(Caption-style text data)

==============================

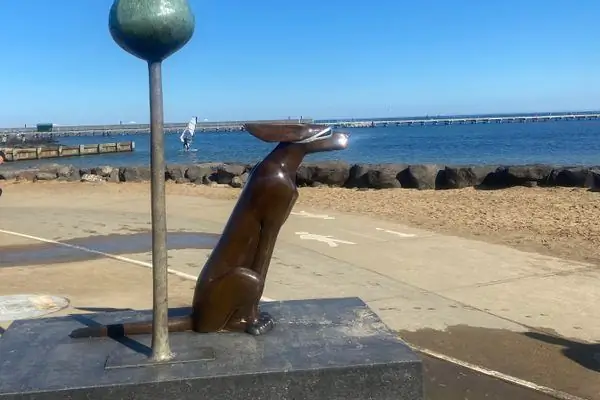 Скульптура собаки «Летнее время»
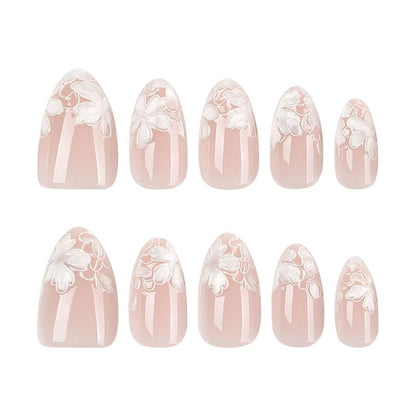 Elegante florale Nagelkunst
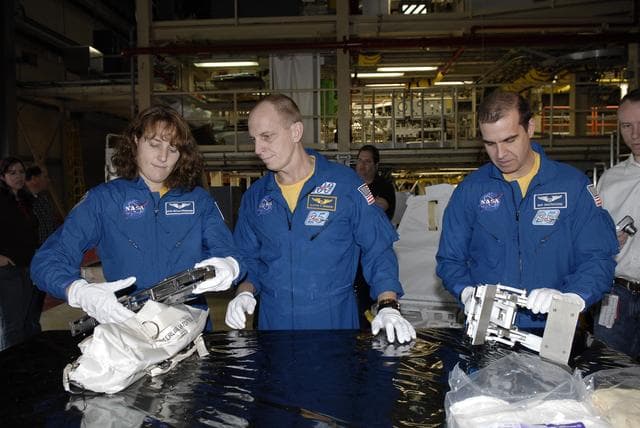 KSC-2010-1140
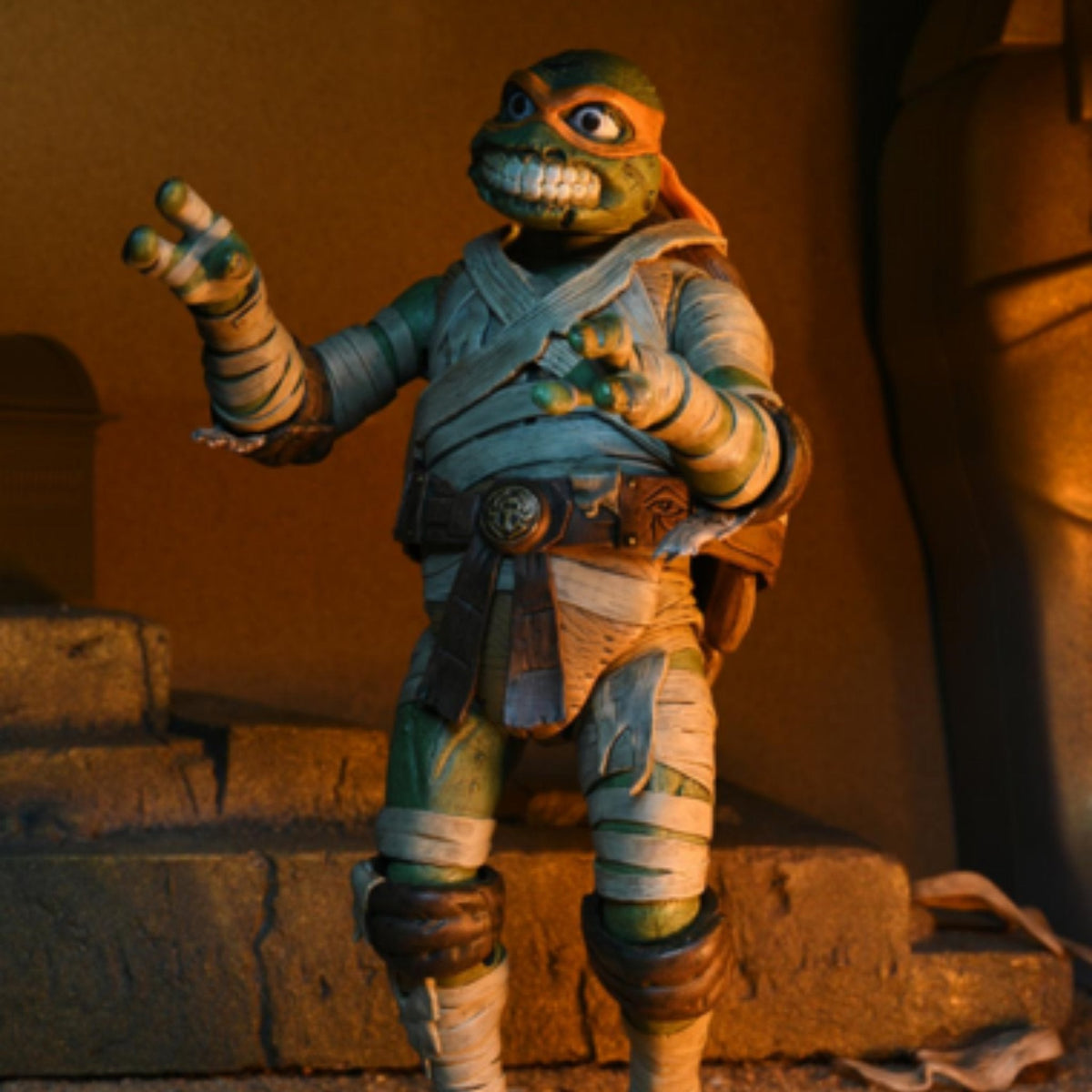 NECA Universal Monsters Teenage Mutant Ninja Turtles Michelangelo as The Mummy
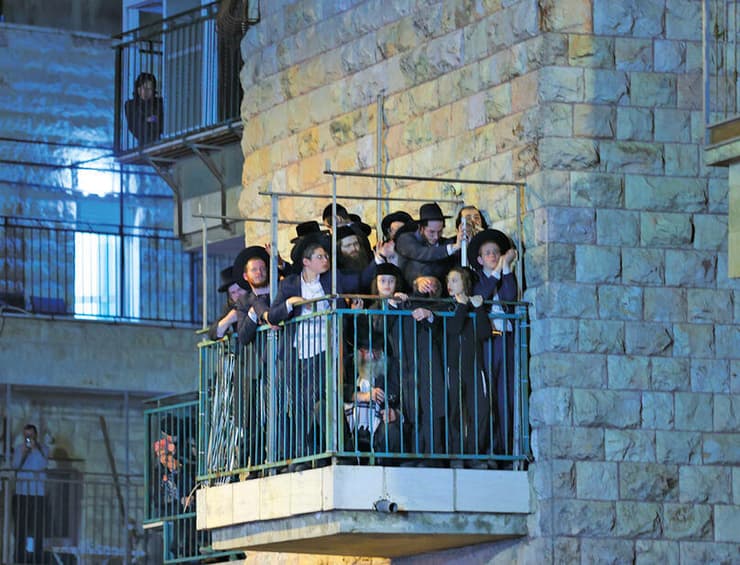 הפגנת החרדים השבוע. בניגוד לדעת הממסד, בנוער החרדי מתפתחת נטייה גוברת לגיוס | צילום: אלכס קולומויסקי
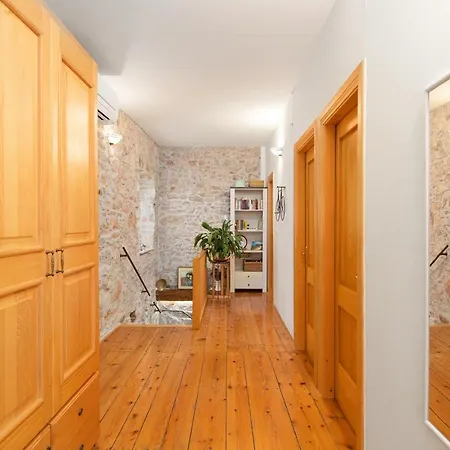 Villa Il Melograno Hvar With Pool & Bbq Vikendica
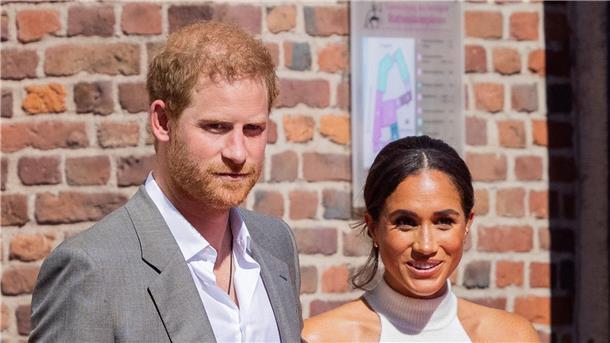 Der britische Prinz Harry und seine Frau Meghan bleiben Herzog und Herzogin von Sussex.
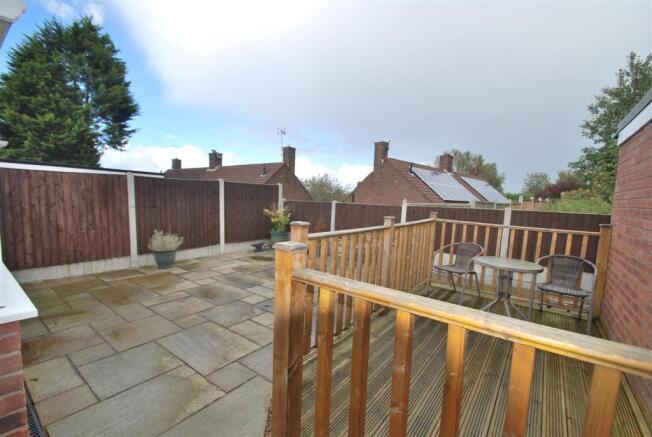 15 St Hildas - Rear Garden 2.JPG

==============================

The copy should hold exactly the lines from the one containing "NECA Universal Monsters" through the final line of the records above, both ends included, and no picture.

■ **Answer to the exercise**:
 NECA Universal Monsters Teenage Mutant Ninja Turtles Michelangelo as The Mummy
 הפגנת החרדים השבוע. בניגוד לדעת הממסד, בנוער החרדי מתפתחת נטייה גוברת לגיוס | צילום: אלכס קולומויסקי
 Villa Il Melograno Hvar With Pool & Bbq Vikendica
 Der britische Prinz Harry und seine Frau Meghan bleiben Herzog und Herzogin von Sussex.
 15 St Hildas - Rear Garden 2.JPG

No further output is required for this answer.